I tried to solve the problem with two different approaches:

Conservation of energy: Let's assume, initially, the block has potential energy which is equal to $$mgx$$ and the spring has no potential energy as it is not elongated, then the system is released and the block reaches 'x' unit distance down so that the spring stretches to 'x' unit. As a result, spring gains P.E. = $$\frac{1}{2} kx^2$$ According to conservation of energy this follows $$\frac{1}{2} kx^2$$ = $$mgx$$ therefore, elongation is $$x = \frac{2mg}{k}$$ so far so good.

Newton's Second Law: First the block accelerates and then stops when it has reached $$x$$ unit down we conclude that the gravity on the box equals the tension produced by the spring in the string so that $$kx = mg$$ which gives us $$x = \frac{mg}{k}$$

Huh?
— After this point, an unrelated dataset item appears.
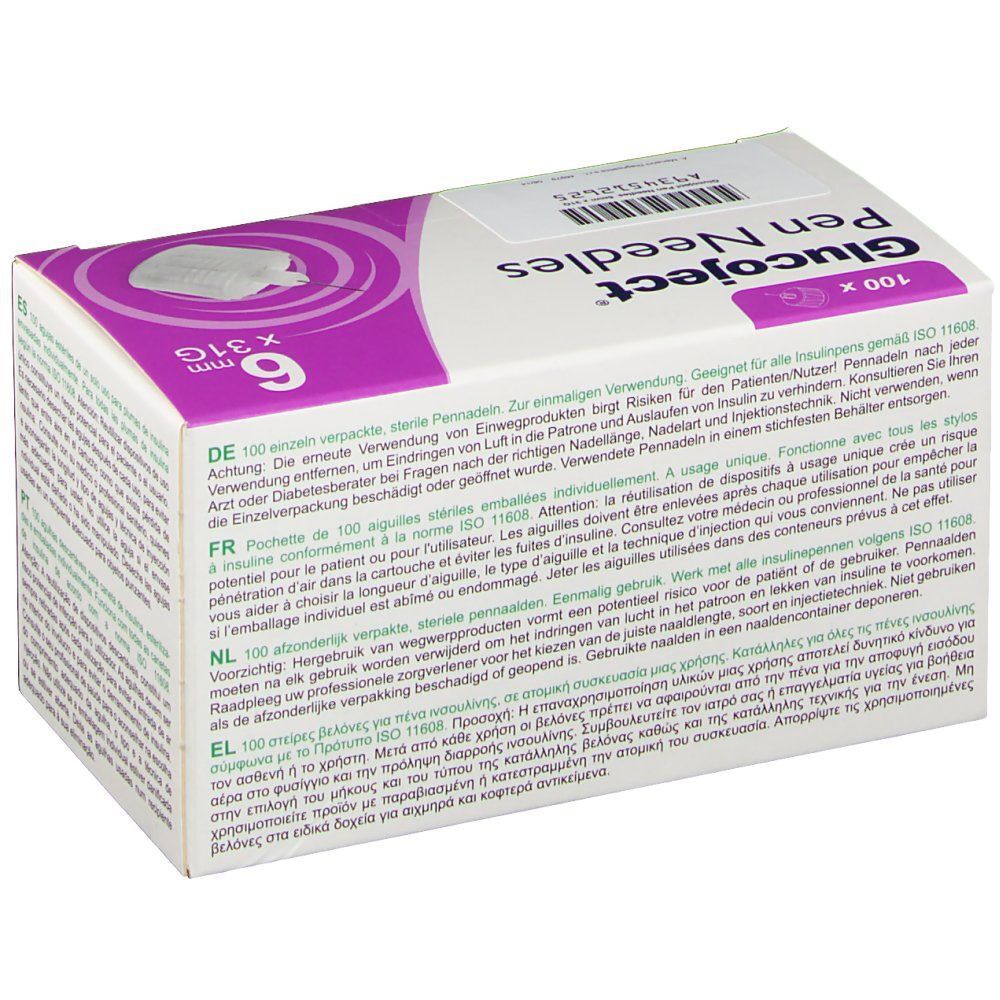 Scatola di 100 aghi per penna Glucoject 31G 6mm. Retro con informazioni multilingue.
Why is that? Two distinct approaches provide us with two different answers!

• You assume that mg=kx at maximum elongation. This is not so. Wrong assumption produces wrong result.
– nasu
May 23 at 10:37
• @Amit We are told the spring is initially unstretched. I think this means that the spring starts stretching as soon as the block is released, so the displacement of the block and the extension of the spring are indeed equal. May 23 at 10:54
• Thanks @gandalf61 -- I've deleted my comment a few seconds before you replied because I realized I didn't imagine this correctly, this is the kind of cases where a diagram would have helped :)
– Amit
May 23 at 10:56
• List of dozens of discussions of the same factor-of-two issue, which also arises when charging a capacitor with a constant voltage, pushing down a buoyant object with a constant force, and dropping a mass on a moving surface, for example. May 23 at 14:49
• Nice reference @Chemomechanics, this one is almost identical
– Amit
May 23 at 14:55

Your first method gives the correct result, although it is probably simpler to argue that the block loses PE $$mgx$$ during the motion, the spring gains PE $$\frac 1 2 kx^2$$, and since the KE of the system is zero both initially and at maximum displacement, we have
$$mgx = \frac 1 2 kx^2$$
Your second method is incorrect because the point at which the weight of the block equals the force from the spring is the point at which the block stops accelerating and starts to decelerate. As you say, the displacement of the block is $$\frac {mg} k$$ at this point but the block is still moving downwards, so this is not the maximum displacement.